Get ready for The Dot Plot.
The FOMC is expected to announce its latest monetary policy decision at 2:00 this afternoon. Federal Reserve Chair Janet Yellen will also hold a press conference at 2:30 following the announcement, and the Fed will also release its latest Summary of Economic Projections.
People will be looking not just for a further tapering of the Fed’s monthly asset purchases — also known as Quantitative Easing — but also clues for where interest rates might be in the future.
For some of these clues, Fed watchers will turn to The Dot Plot.
The Dot Plot is a chart that shows where the FOMC’s 16 members think the Fed’s benchmark interest rate will be at the end of each year through 2016 and over the long term.
This is the most recent Dot Plot from the FOMC, released in March. The dots for 2014, for example, show that 15 of the FOMC’s members think interest rates will be unchanged at 0.25% at the end of the year.
Michael Hanson at Bank of America expects that Yellen will downplay the Dot Plot as not being a policy tool.

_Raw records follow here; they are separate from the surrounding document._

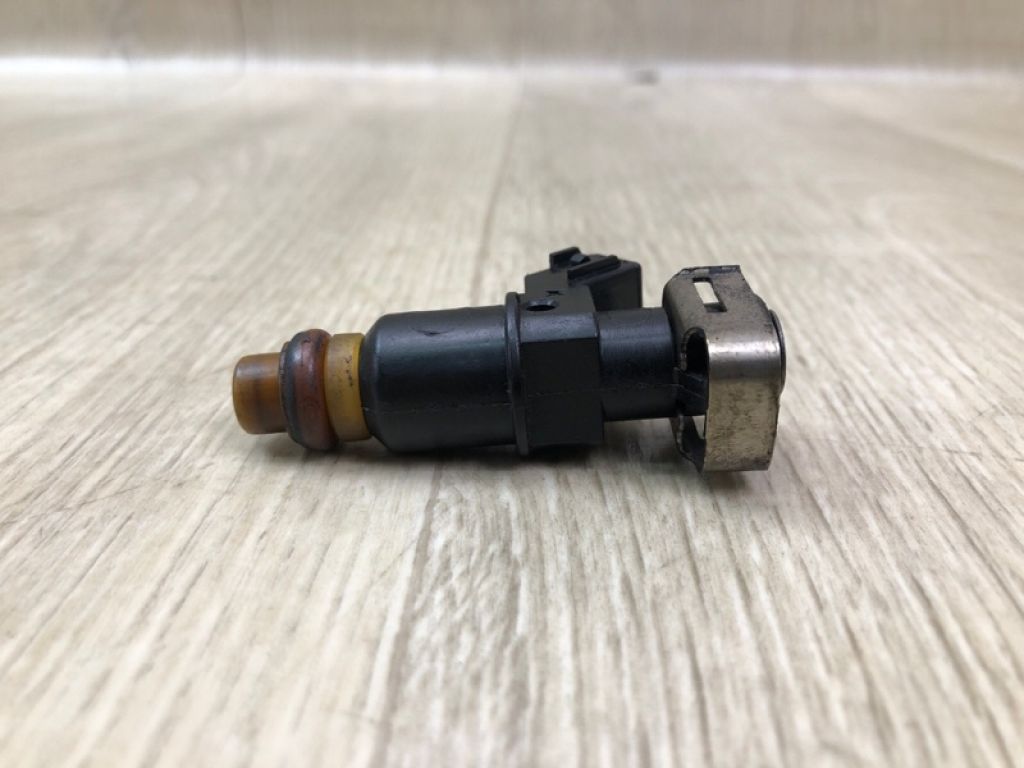 16450-RCA-A01 | Форсунка топливная HONDA PILOT 02-08 - Фото 2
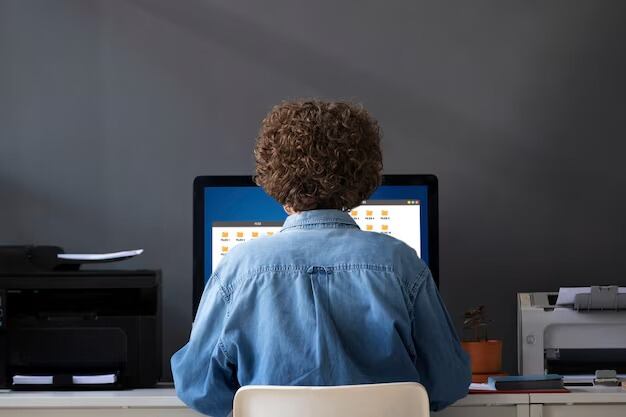 Guía completa para obtener antecedentes policiales y penales en Guatemala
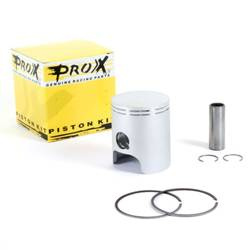Prox Tłok Kawasaki KMX 125 86-03 [53.95MM] [C]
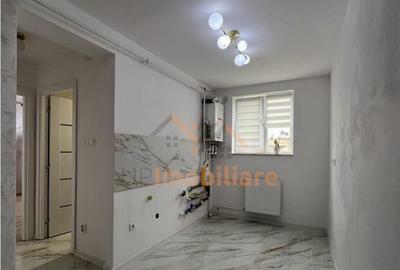 APARTAMENT 2 CAMERE | STEI - 4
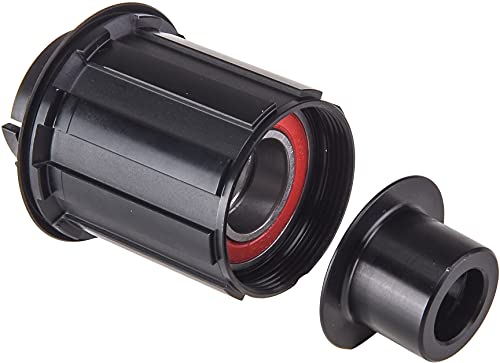 Dt Swiss Hbdt6150S, Parti Della Bici Unisex, Standard, Shimano Mtb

But the market will still be closely looking for any change in the Dot Plot.
In March, when Janet Yellen signaled that the Fed would raised rates six months after finishing QE, markets sold off hard. If the Fed stays the course in tapering QE by $US10 billion per FOMC meeting, it is scheduled to conclude the taper in October.
And last week, markets were spooked after Bank of England head Mark Carney said rate hikes could come sooner than expected.
It is unlikely the Fed would hike rates by more than 0.25% at any meeting and based on that assumption, the Dot Plot for 2015 still indicates that as of March, 9 FOMC members saw no more than 3 rate hikes in 2015.
The FOMC welcomes three new members for the June meeting, and the latest Dot Plot will contain 15 instead of 16 dots. Lael Brainard was confirmed on June 16, after the June 13 deadline for submitting projections.
Yellen may not see the Dot Plot as a policy tool, but Fed watchers hoping to read the tea leaves in the central bank’s latest announcement will be closely watching anything and everything the Fed says or releases today.
As a primer, here are a couple of Dot Plot scenarios that could roil markets.
The red dots on this modified chart show where the dots could lie if the plot strikes a dovish, or more conservative tone.
This red dots on this modified dot plot show where the dots could lie if the plot strikes a more hawkish, or aggressive tone with respect to where interest rates could go.
The reality is that the Fed has been dovish since the financial crisis, and especially accommodative since announcing its latest QE program, which has now been in effect for more than 18 months now.
The Dot Plot probably won’t look much different than it did in March.
But just in case, we’ll be watching.